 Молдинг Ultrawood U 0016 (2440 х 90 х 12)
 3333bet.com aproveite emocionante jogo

==

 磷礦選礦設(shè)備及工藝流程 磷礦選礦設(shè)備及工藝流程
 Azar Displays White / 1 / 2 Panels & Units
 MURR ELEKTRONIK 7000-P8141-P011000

* * *

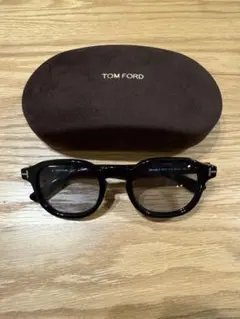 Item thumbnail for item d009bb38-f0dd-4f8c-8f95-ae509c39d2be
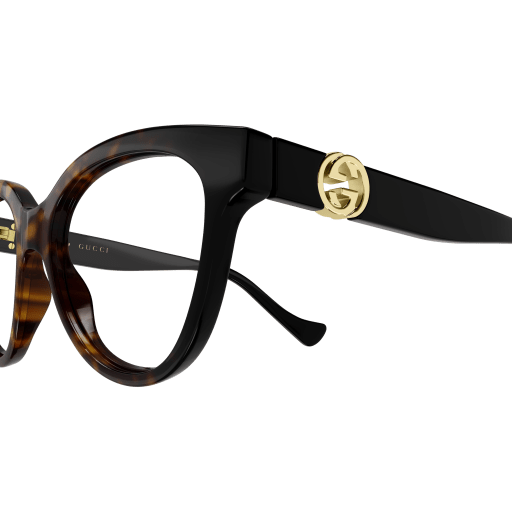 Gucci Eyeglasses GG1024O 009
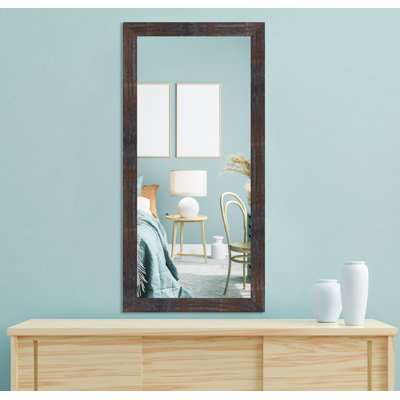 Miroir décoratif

_Exercise aim_
When you reach the line with "Azar Displays White / 1 / 2 Panels & Units" in the records above, start writing out lines exactly, and stop once the line with "MURR ELEKTRONIK 7000-P8141-P011000" has been written; include nothing else.

_Expected answer_
 Azar Displays White / 1 / 2 Panels & Units
 MURR ELEKTRONIK 7000-P8141-P011000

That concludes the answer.